妙に明るい声に驚いて、振り向いて彼の顔を見つめた。

モテモテな彼が毎年メイド達から貰っているような綺麗で美味しいチョコではなく

食べるのも一苦労な酷いチョコや、明らかにお返し目当てのチョコしか貰ってないのに?




振り向いて場所を移動したことで、陰から漏れた月の光が彼に降り注ぐ。

光は彼の金色の髪を青白く照らし、いつもとは違う雰囲気を醸し出していた。

そして優しく笑いながら、聞いている方が恥ずかしくなるような言葉をサラリと言ってのけた。



「今年は、名無しさんからチョコを貰えたからね」


透き通るような瞳に見つめられながら言われたその一言は、私には効果覿面であった。

今に始まったことじゃないが…これで無自覚なのだから達が悪い。



「ん?…大丈夫か?顔が赤いぞ?」

「誰のせいだと思ってんのよ…」

「…俺のせい、かな?」



苦笑しながらも嬉しそうに笑う彼に少しむっとしながらも、それもすぐに笑みに変わってしまう。
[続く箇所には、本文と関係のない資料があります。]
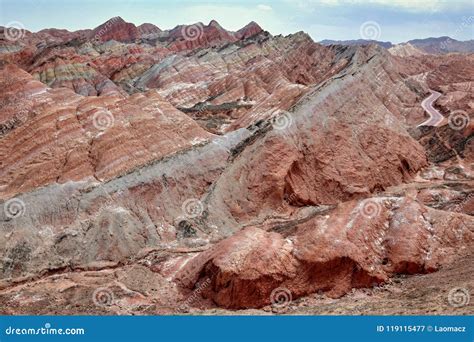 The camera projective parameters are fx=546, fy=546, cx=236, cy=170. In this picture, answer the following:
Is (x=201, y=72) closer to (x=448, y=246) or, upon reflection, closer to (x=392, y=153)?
(x=392, y=153)

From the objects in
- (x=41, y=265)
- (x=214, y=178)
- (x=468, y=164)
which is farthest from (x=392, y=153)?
(x=41, y=265)

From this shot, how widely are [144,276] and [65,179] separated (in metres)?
11.9

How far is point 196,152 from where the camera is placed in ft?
118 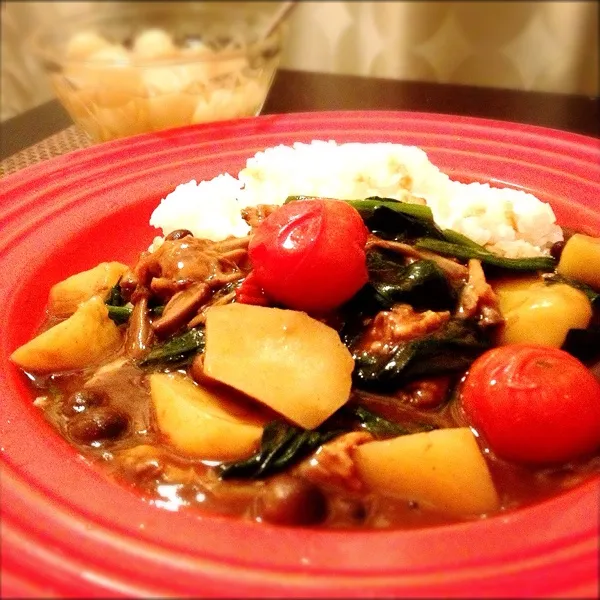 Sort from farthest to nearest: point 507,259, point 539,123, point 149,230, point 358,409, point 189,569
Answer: point 539,123, point 149,230, point 507,259, point 358,409, point 189,569

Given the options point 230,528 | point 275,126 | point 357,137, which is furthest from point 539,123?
point 230,528

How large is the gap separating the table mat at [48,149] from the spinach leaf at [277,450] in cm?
225

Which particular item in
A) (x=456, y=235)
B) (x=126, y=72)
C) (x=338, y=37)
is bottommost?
(x=338, y=37)

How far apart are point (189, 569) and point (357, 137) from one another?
2637mm

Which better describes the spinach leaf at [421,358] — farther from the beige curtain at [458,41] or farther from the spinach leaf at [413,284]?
the beige curtain at [458,41]

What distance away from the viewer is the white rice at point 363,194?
2.76 meters

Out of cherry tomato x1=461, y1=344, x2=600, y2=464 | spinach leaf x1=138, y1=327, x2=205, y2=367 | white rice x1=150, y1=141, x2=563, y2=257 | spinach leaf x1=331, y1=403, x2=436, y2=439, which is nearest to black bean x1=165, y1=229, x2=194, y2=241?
white rice x1=150, y1=141, x2=563, y2=257

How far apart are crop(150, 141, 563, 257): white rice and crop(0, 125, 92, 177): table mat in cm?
88

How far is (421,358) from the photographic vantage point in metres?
2.11

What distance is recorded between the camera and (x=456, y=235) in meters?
2.62

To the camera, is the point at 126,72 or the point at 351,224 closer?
the point at 351,224

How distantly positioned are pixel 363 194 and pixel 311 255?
3.40 ft

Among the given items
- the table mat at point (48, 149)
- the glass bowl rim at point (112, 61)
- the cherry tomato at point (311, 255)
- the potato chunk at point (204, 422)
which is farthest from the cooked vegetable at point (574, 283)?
the table mat at point (48, 149)

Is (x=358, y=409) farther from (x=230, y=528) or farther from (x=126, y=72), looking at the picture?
(x=126, y=72) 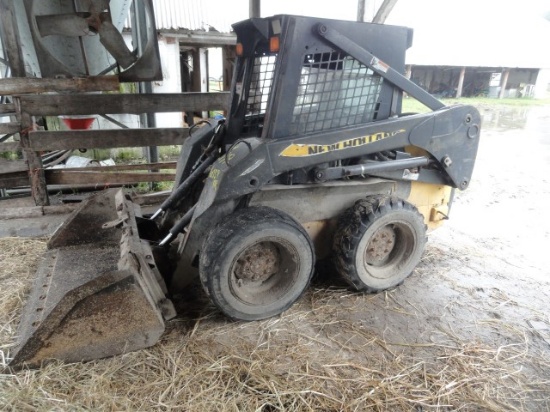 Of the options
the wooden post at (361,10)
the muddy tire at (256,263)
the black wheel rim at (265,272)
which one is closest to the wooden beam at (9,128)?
the muddy tire at (256,263)

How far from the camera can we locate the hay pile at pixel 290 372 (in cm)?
193

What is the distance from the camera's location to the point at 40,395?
1888 millimetres

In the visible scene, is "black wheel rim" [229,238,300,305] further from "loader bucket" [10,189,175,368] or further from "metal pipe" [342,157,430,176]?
"metal pipe" [342,157,430,176]

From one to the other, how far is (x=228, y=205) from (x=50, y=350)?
1.23 meters

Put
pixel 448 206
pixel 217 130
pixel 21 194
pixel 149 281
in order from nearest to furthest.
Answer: pixel 149 281 → pixel 217 130 → pixel 448 206 → pixel 21 194

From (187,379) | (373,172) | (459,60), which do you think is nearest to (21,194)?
(187,379)

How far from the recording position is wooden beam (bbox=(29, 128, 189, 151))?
391 centimetres

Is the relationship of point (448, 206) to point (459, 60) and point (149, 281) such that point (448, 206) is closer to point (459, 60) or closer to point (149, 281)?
point (149, 281)

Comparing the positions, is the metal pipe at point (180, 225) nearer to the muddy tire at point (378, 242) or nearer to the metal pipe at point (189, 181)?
the metal pipe at point (189, 181)

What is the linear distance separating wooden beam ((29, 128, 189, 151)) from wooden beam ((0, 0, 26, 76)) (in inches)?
25.4

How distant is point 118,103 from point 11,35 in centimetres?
106

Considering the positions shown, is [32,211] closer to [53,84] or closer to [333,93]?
[53,84]

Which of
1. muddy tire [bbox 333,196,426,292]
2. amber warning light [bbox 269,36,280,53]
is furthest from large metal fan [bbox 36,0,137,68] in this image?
muddy tire [bbox 333,196,426,292]

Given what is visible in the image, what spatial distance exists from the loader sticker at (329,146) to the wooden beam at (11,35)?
305 centimetres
ふとちょっとした悪戯心もあって、わざと彼に触れるぐらい近くに座ってみた。

そして嫉妬するぐらい綺麗で格好いい顔を覗き込んでやった。



「お返し、楽しみにしてるわよ?」


いつものようにその顔が引き攣るかと思って、内心勝ち誇っていたのだが、それどころか逆に彼は笑みを深くした。
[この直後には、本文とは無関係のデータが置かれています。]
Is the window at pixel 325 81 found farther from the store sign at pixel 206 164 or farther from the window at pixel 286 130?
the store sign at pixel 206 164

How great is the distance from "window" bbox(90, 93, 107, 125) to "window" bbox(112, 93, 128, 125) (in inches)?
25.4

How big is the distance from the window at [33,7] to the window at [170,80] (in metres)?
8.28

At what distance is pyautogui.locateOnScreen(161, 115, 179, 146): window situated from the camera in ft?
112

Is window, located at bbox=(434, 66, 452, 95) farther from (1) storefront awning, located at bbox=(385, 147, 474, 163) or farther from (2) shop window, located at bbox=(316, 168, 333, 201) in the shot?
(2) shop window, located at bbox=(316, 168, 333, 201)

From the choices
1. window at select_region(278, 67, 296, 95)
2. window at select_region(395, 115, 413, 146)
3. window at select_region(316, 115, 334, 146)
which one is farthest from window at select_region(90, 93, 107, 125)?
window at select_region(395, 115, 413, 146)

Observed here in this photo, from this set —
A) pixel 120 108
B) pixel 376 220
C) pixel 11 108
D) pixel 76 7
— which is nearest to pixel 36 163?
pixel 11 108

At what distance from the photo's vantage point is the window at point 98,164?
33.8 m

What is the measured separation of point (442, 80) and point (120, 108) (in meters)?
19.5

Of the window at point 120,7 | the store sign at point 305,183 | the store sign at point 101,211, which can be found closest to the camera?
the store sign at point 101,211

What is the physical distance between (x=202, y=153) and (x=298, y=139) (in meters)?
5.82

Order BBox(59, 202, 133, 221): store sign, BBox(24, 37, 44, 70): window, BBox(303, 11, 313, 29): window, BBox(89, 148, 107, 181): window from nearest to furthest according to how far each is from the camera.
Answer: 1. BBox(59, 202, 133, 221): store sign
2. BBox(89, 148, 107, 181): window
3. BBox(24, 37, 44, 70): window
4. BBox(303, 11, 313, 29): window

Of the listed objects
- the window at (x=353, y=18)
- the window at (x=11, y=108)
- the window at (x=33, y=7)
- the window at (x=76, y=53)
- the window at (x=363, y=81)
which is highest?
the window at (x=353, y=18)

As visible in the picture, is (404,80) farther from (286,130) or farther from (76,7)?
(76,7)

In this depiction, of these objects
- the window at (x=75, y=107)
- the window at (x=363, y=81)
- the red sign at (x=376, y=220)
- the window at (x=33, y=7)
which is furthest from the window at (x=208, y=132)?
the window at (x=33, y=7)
さっきよりもかなり距離が近くなった、というか目の前に彼の顔があるので、悔しいが自分の顔が少しだけ赤くなるのを感じた。

彼の体質から考えて、多分無いだろうが…キスも出来てしまいそう。

というか彼の顔が引きつらすどころか、若干嬉しそうなのは何故だ。



「勿論。頑張りますよ、お姫様」

「……この天然タラシめ」



完全に負けてしまった私は、顔を真っ赤にしてそう言うのが精一杯だった。